Je les pose contre la corbeille à pain, je tourne une page d'un doigt et elle reste immobile. Comme ça, je mâche et je lis.
Les livres neufs sont impertinents, les feuilles ne se laissent par tourner sagement, elles résistent et il faut appuyer pour qu'elles restent à plat.
Les livres d'occasion ont le dos détendu, les pages, une fois lues, passent sans se soulever.
Ainsi, à midi, au bistrot, je m'assieds sur la même chaise, je demande de la soupe et du vin et je lis.
Ce sont des romans de mer, des aventures de montagne, pas des histoires de ville, je les ai déjà autour de moi.
Je lève les yeux, attiré par le reflet du soleil sur la porte d'entrée par laquelle ils entrent tous les deux, elle dans un air de vent, lui dans un air de cendre.
Je reviens à mon livre de mer : il y a un peu de tempête, force huit, le jeune homme mange avec appétit tandis que les autres vomissent. Puis il sort sur le pont, se tenant solidement sur ses pieds parce qu'il est jeune, seul, tout à la joie de la tempête.
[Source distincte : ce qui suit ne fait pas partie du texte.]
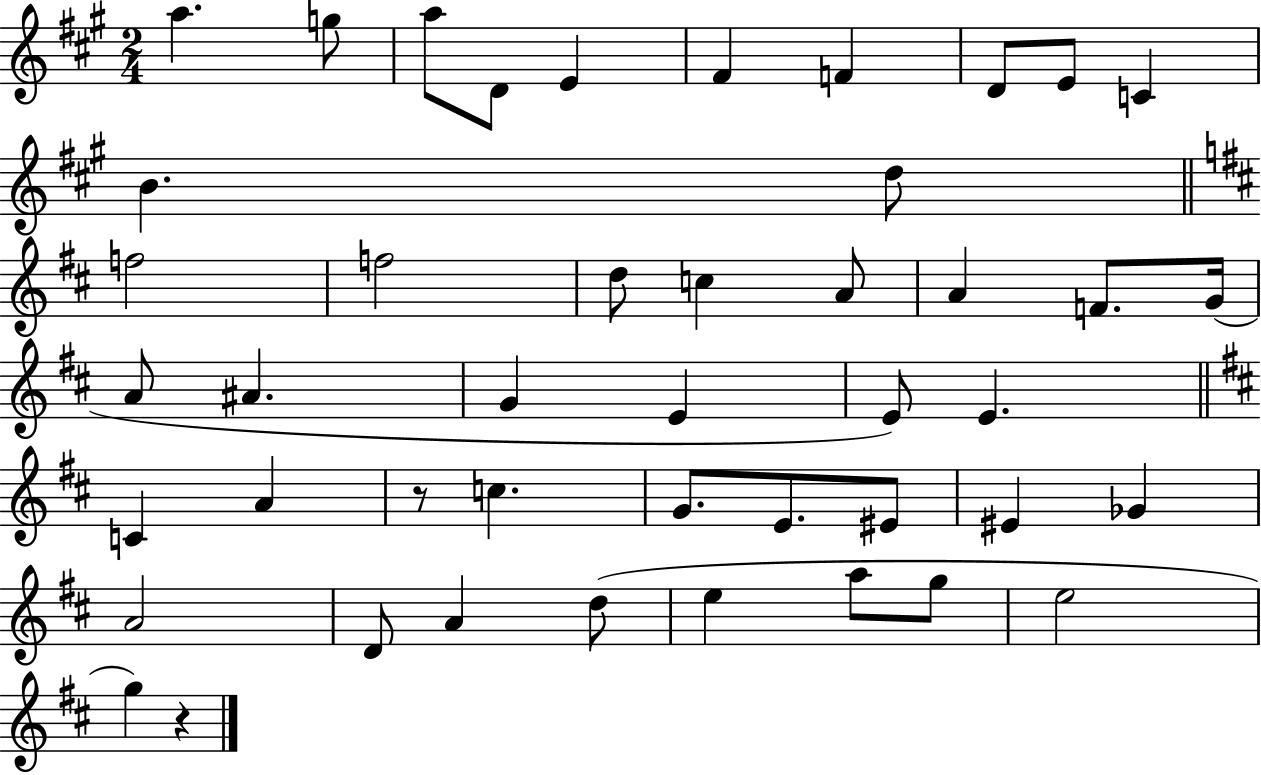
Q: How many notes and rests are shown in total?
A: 45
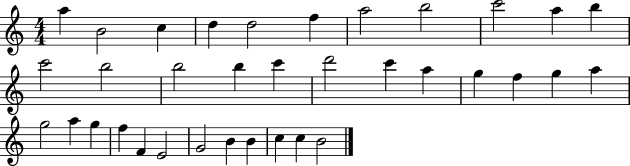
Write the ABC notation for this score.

X:1
T:Untitled
M:4/4
L:1/4
K:C
a B2 c d d2 f a2 b2 c'2 a b c'2 b2 b2 b c' d'2 c' a g f g a g2 a g f F E2 G2 B B c c B2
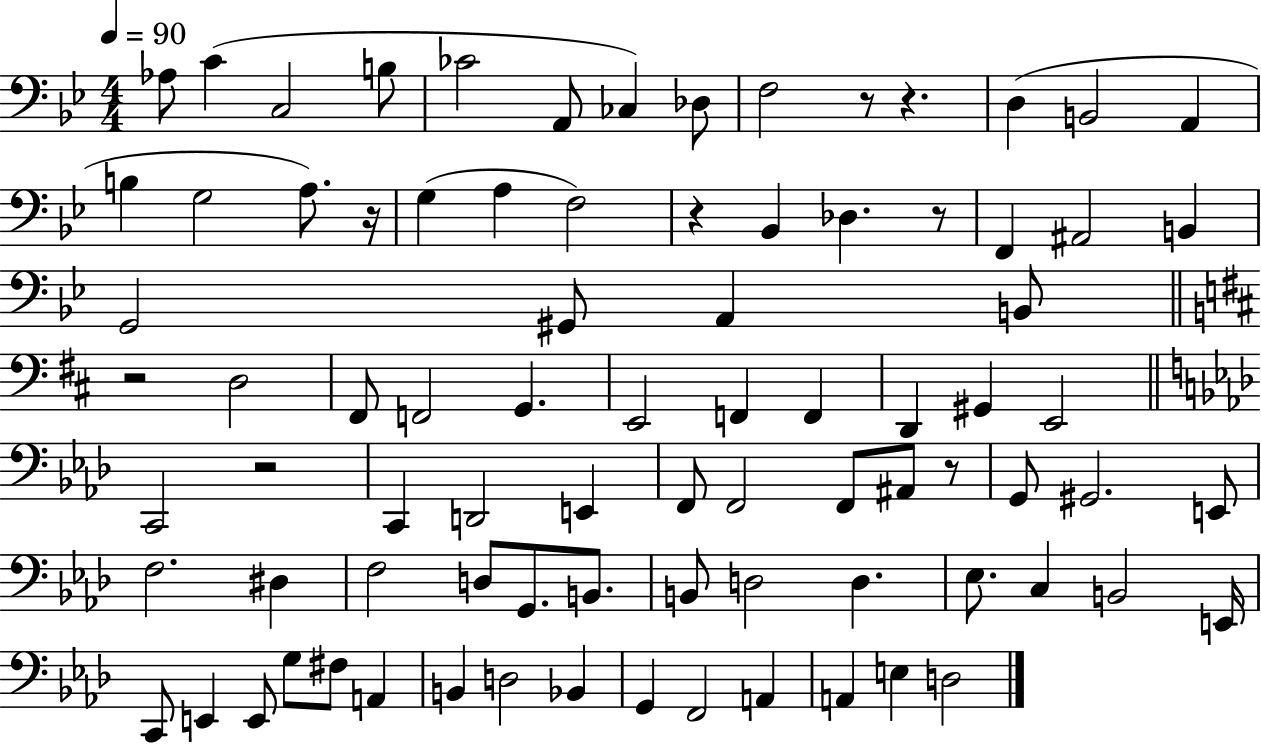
X:1
T:Untitled
M:4/4
L:1/4
K:Bb
_A,/2 C C,2 B,/2 _C2 A,,/2 _C, _D,/2 F,2 z/2 z D, B,,2 A,, B, G,2 A,/2 z/4 G, A, F,2 z _B,, _D, z/2 F,, ^A,,2 B,, G,,2 ^G,,/2 A,, B,,/2 z2 D,2 ^F,,/2 F,,2 G,, E,,2 F,, F,, D,, ^G,, E,,2 C,,2 z2 C,, D,,2 E,, F,,/2 F,,2 F,,/2 ^A,,/2 z/2 G,,/2 ^G,,2 E,,/2 F,2 ^D, F,2 D,/2 G,,/2 B,,/2 B,,/2 D,2 D, _E,/2 C, B,,2 E,,/4 C,,/2 E,, E,,/2 G,/2 ^F,/2 A,, B,, D,2 _B,, G,, F,,2 A,, A,, E, D,2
Je détourne les yeux pour couper de l'ail cru sur ma soupe. J'avale une petite gorgée d'un vin rouge âpre, qui sent le fût.
Je tourne les pages dociles, des bouchées lentes puis je lève la tête du blanc du papier et de la nappe, je suis la ligne de carrelage qui fait le tour de la pièce et qui passe derrière deux pupilles noires de femme, mises sur cette ligne comme deux « mi » fendus de la ligne basse d'une portée musicale. Elles sont pointées sur moi.
Je lève mon verre au même niveau et je le laisse en l'air avant de boire. Cet alignement force mes pommettes à ébaucher un sourire. La géométrie des choses environnantes fait naître des coïncidences, des rencontres.
La femme, de face, me sourit… »
Comment ne pas tomber amoureux de ces pupilles noires, ce regard pénétrant qui fixe ton verre de vin.
Elle s'assoit devant moi, sur cette chaise de bistrot, une aubergine rôtie et sa mozzarella di bufala dans une assiette. Ce parfum enivrant, ses effluves qui se mêlent au basilic frais. Un air d'Italie souffle sur la terrasse ensoleillée, ce midi.
Je sors de la poche de ma veste ce livre d'occasion qui est passé de main en main, d'amitié en amour. Je caresse ses pages, lisse sa couverture, respire son parfum. Un tout petit livre mais plein de bonheur qui mélange l'Italie et la Patagonie, les fragrances des piémontaises à celles des argentines et qui lie les métaphores à la beauté naturelle.
Comment ne pas se reconnaitre dans ce type, simple et jardinier, assis à l'ombre d'une terrasse avec un verre de vin et un vieux bouquin pour simple compagnie. Oui, ce type pourrait être moi. Et cette femme, de face, qui me sourit… A moi ? Je détourne les yeux, plonge mon regard dans mon verre, et bois une dernière gorgée de ce vin rouge et âpre avant d'achever ma lecture.